■ TASK TO COMPLETE
Find the line below with "Mixed race woman". Print it and every line after it exactly, through the last line, leaving out the pictures.

-- INFORMATION GIVEN follows --

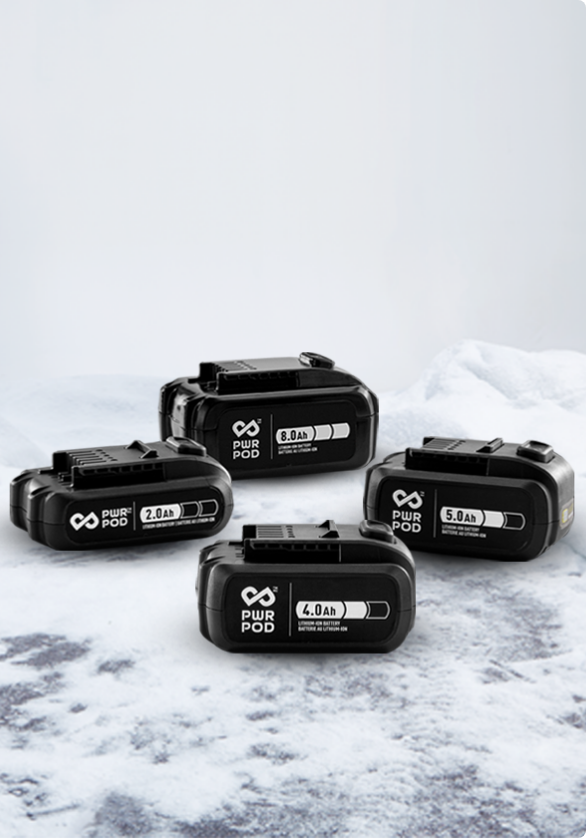 Product shot of four PWR POD battery systems in snowy background.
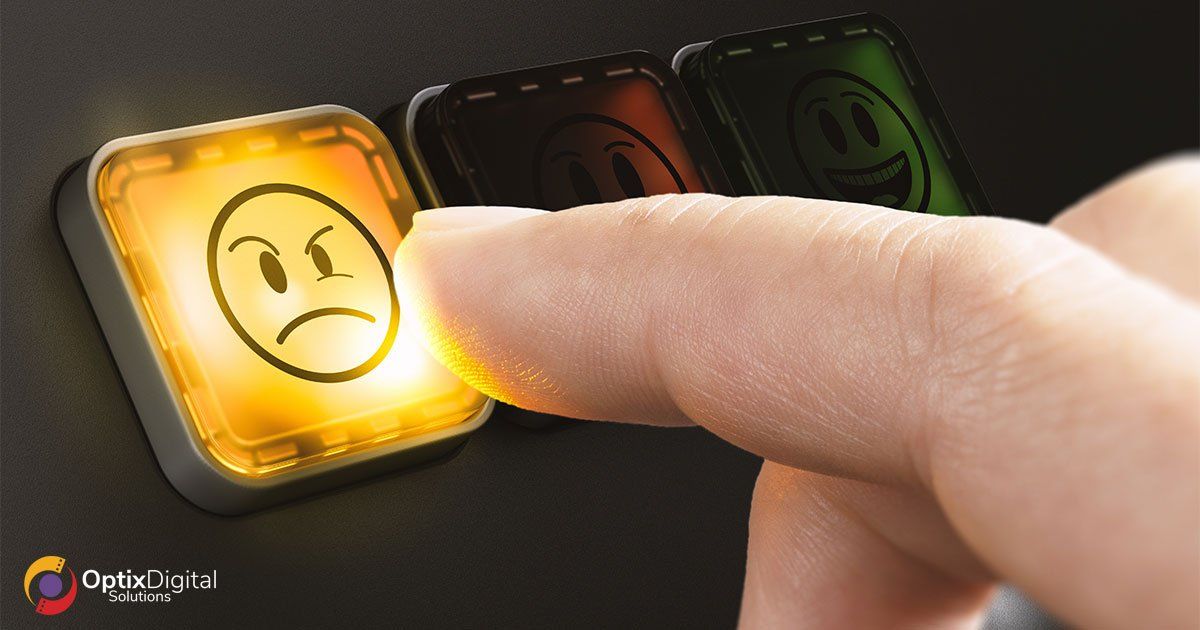finger pressing a sad face emoji button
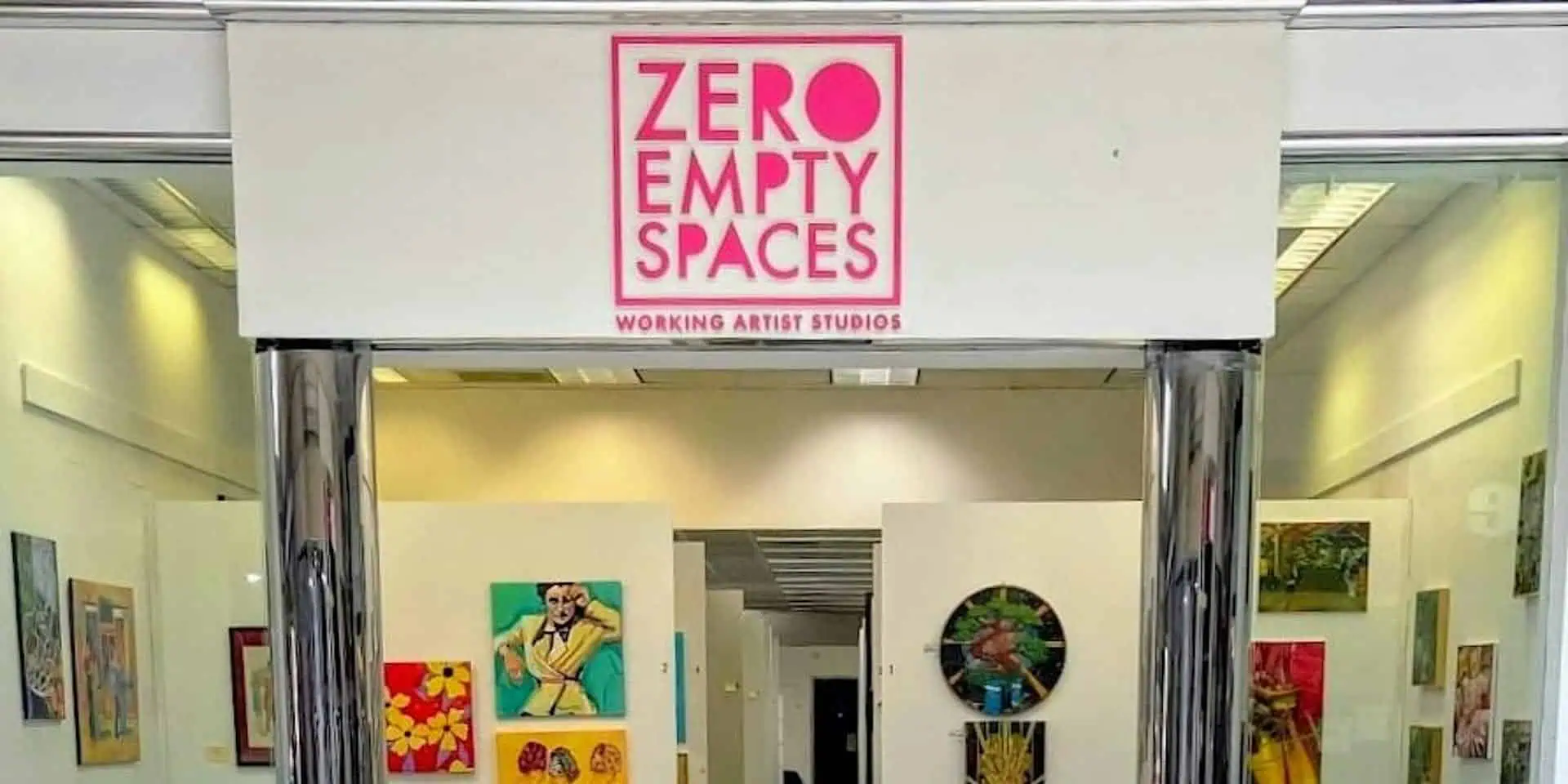 The entrance to "Zero Empty Spaces," a working artist studio with a bright pink sign and walls adorned with vibrant artwork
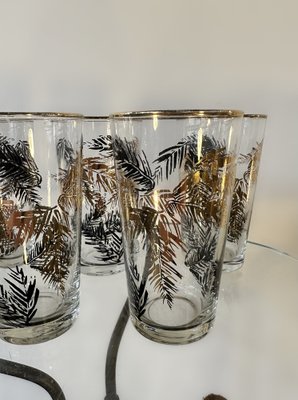 https://cdn20.pamono.com/p/g/1/7/1735442_wv9flql0cg/mid-century-danish-black-and-22k-gold-leaf-glasses-1960s-set-of-6-2.jpg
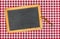 Empty blackboard with chalk on a checkered table cloth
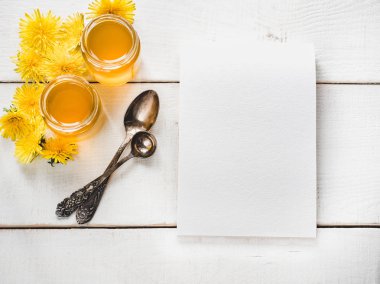 Parlak dandelions, defter, yazıtlar için boş bir sayfa ile bir kavanoz, güzel, beyaz, ahşap bir tablo üzerinde vintage kaşık bal çiçek. Üstten görünüm, yakın çekim. Bir lezzetli ve sağlıklı yemek kavramı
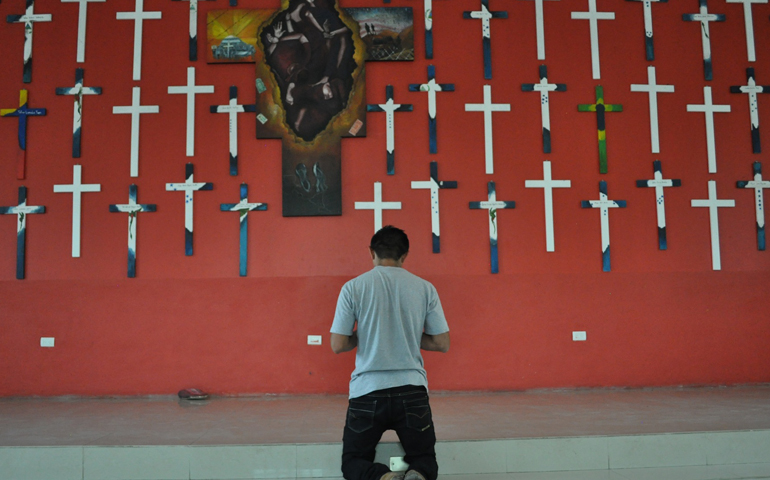 A migrant at La 72 prays in the chapel where crosses on the wall commemorate 72 migrants killed in Tamaulipas in 2010 (J. Malcolm Garcia)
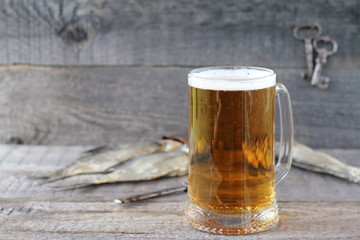 A mug of  light beer and dry fish on a wooden background.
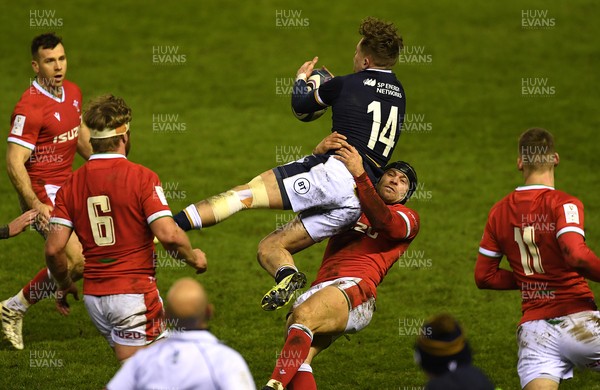 130221 - Scotland v Wales - Guinness Six Nations - Darcy Graham of Scotland and Leigh Halfpenny of Wales collide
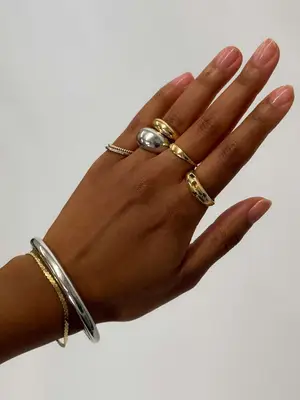 Close-up of person wearing stacked gold and silver bracelets and rings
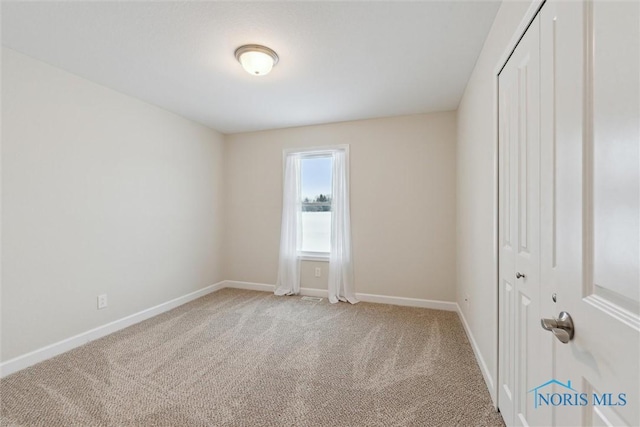 spare room with light carpet and baseboards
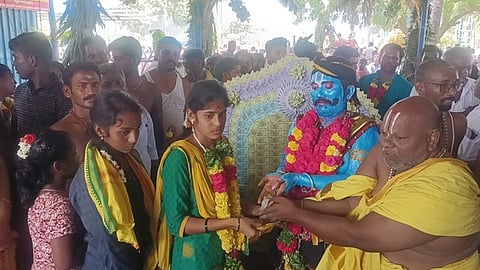 பக்தா்களுக்கு பிடிக்காசு வழங்கும் கோயில் அா்ச்சகா்.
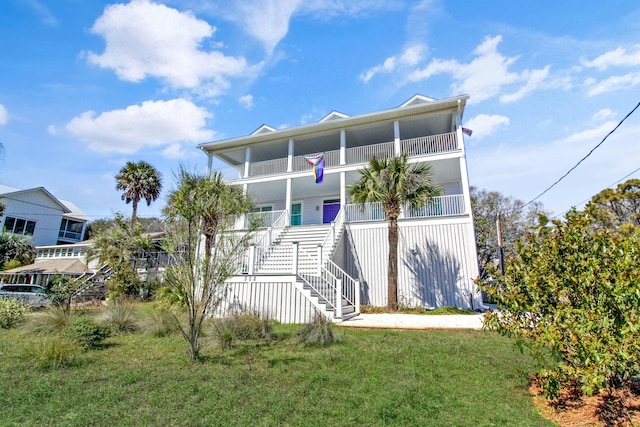 back of property with a lawn, stairs, and a balcony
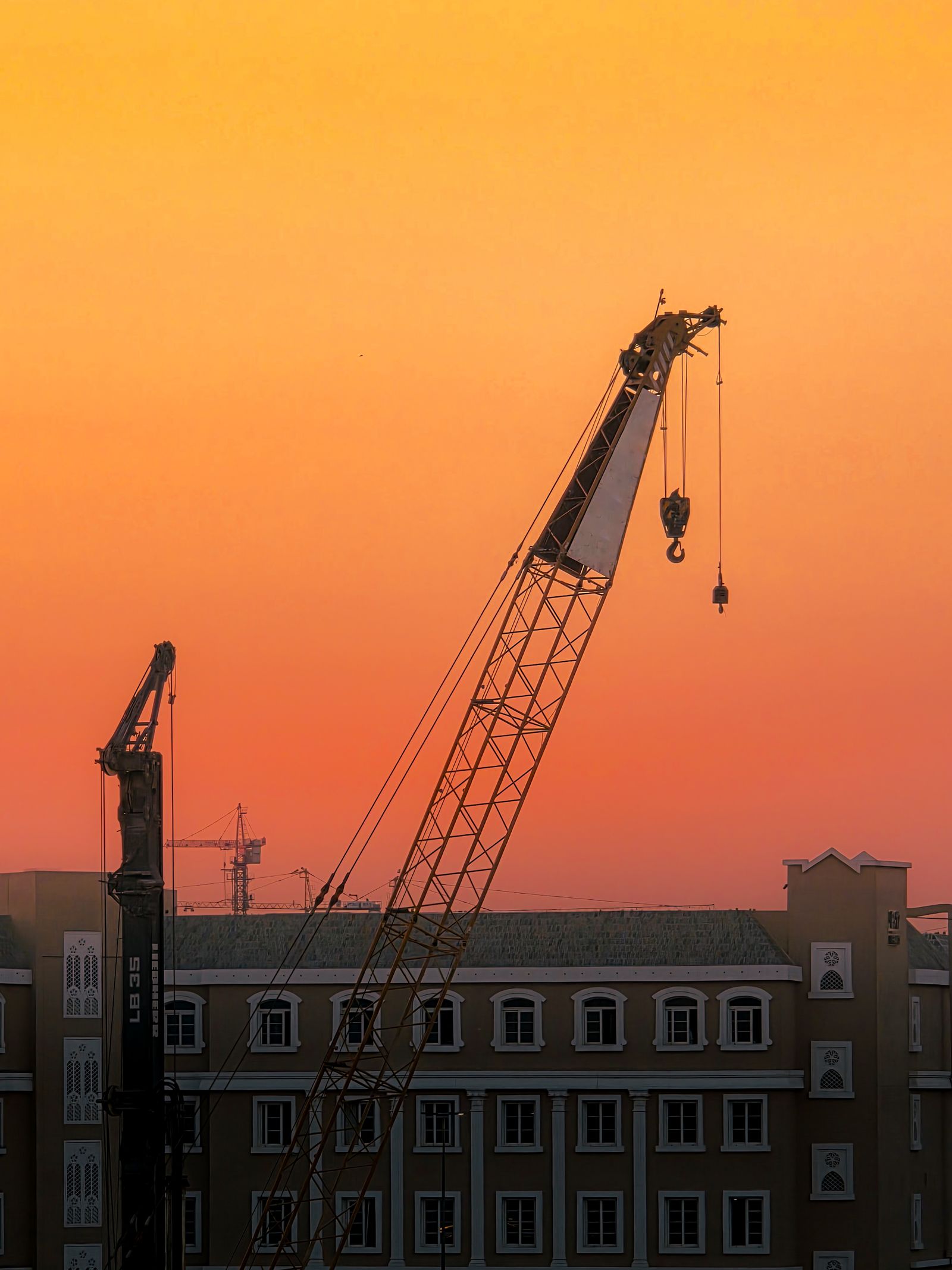 Construction crane silhouetted against a sunset sky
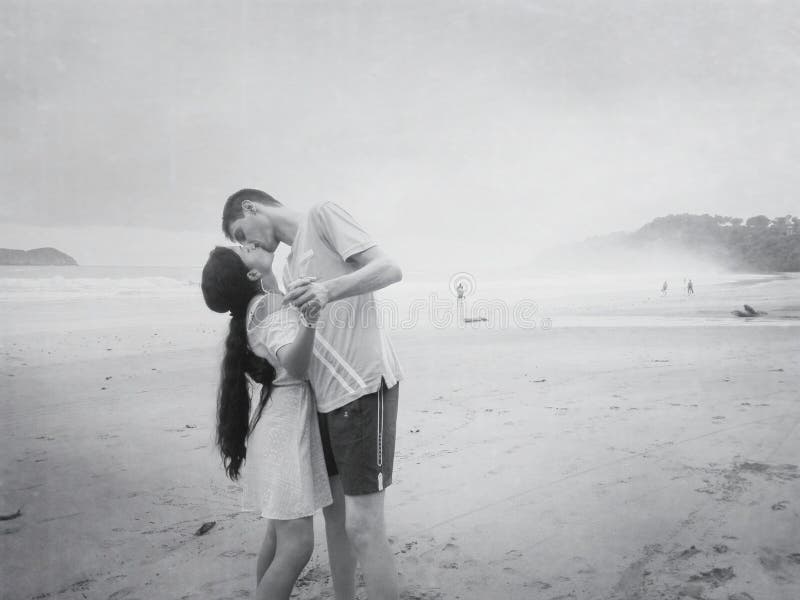 Kiss of a happy young romantic couple in love on the beach. royalty free stock photo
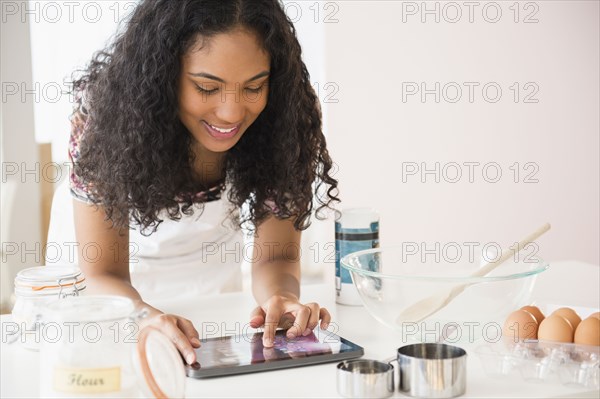 Mixed race woman using digital tablet while cooking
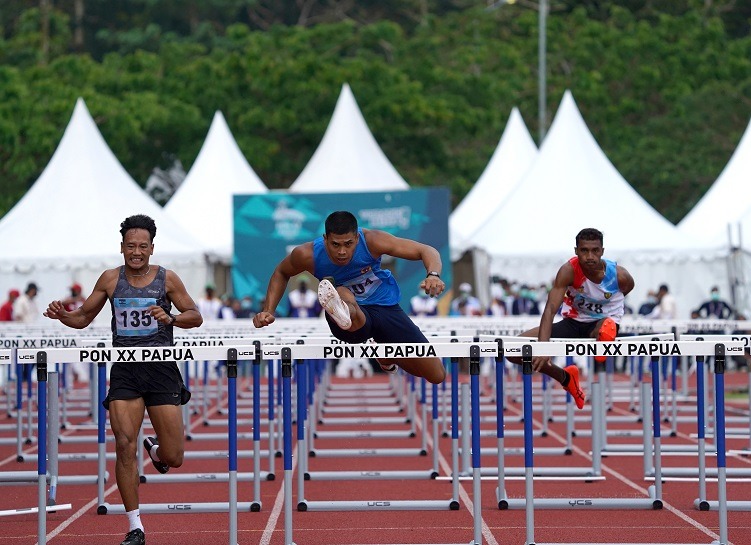 Atlet 110 Meter Gawang Putra 304 RIO MAHOLTRA (BIRU) asal Sumatera Selatan berhasil finis terdepan dengan catatan waktu 14.11 mengungguli Hirzan Rahmadon (14.33) diposisi 2. 304 RIO MAHOLTRA (BIRU) berhasil meraih medali emas di lari 110 meter gawang putra. Timika, (5/10/2021). FOTO: HUMAS PPM/ Fernando Rahawarin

-- INFORMATION GIVEN concluded --

■ RESPONSE FOR THIS EXERCISE
 Mixed race woman using digital tablet while cooking
 Atlet 110 Meter Gawang Putra 304 RIO MAHOLTRA (BIRU) asal Sumatera Selatan berhasil finis terdepan dengan catatan waktu 14.11 mengungguli Hirzan Rahmadon (14.33) diposisi 2. 304 RIO MAHOLTRA (BIRU) berhasil meraih medali emas di lari 110 meter gawang putra. Timika, (5/10/2021). FOTO: HUMAS PPM/ Fernando Rahawarin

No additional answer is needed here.